Published online by Cambridge University Press: 27 December 2024
This chapter focuses on the justice of sharing voices and stories, using case studies from my qualitative research. This always partial and challenging process of storytelling will be viewed through performative timespaces of encounter as a means to reflect on the potential for transformative research from the perspective of researchers and participants. Work by Coddington (2017) and others (for example, Koch, 2020) has stressed the need to unpack and critique the relationships between participant voice, authenticity and empowerment in light of feminist and anti- colonial work. Montero- Sieburth (2020), for example, stresses the need to acknowledge that researchers do not ‘speak for the other’ and that allowing participant voices ‘to appear’ does not necessarily bring about justice, change or transformation. To help counter this, Montero-Sieburth stresses the need for researchers to discover their own voices, which forms an important aspect of what this chapter attempts to do.
This body of work therefore discusses the need for critical interpretations of representation and the value and purpose of academic research in terms of how social and political justice is achieved and for whom. I aim to add to such work by viewing interviews I have been involved in as encounters through which voices can be shared, brought to a different audience and potentially be empowering. By doing so, the chapter will engage with the notion of performative timespace (Mavroudi, 2019) in order to highlight how research encounters may be seen as part of an ethical but also emotional project of justice and care. Through this, I stress the need for active reflection and negotiation of power imbalances as we navigate our own positionality as individuals and as part of a research team (Fertaly and Fluri, 2019), the positionality of our participants but also the wider frameworks of universities and ethics committees.
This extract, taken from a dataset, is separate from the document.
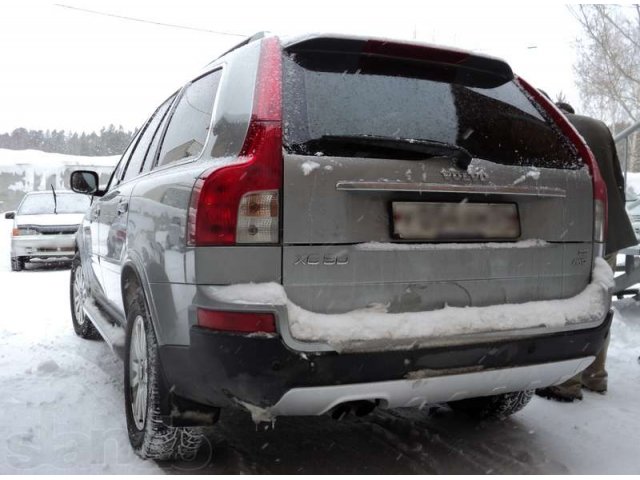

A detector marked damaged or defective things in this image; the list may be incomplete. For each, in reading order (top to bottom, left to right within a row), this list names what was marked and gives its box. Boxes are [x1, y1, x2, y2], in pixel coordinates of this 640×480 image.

I argue that justice needs to be framed in broad and flexible ways and not just in terms of impact or outcome, but also through the very materiality of doing empirical research and communicating with people in mundane and ‘gentle’ ways (Pottinger, 2020). It is through such communication, ‘deep listening’ (Koch, 2020) and embodied encounters that difference is articulated and grappled with so that we can potentially learn about/ from one another through timespaces.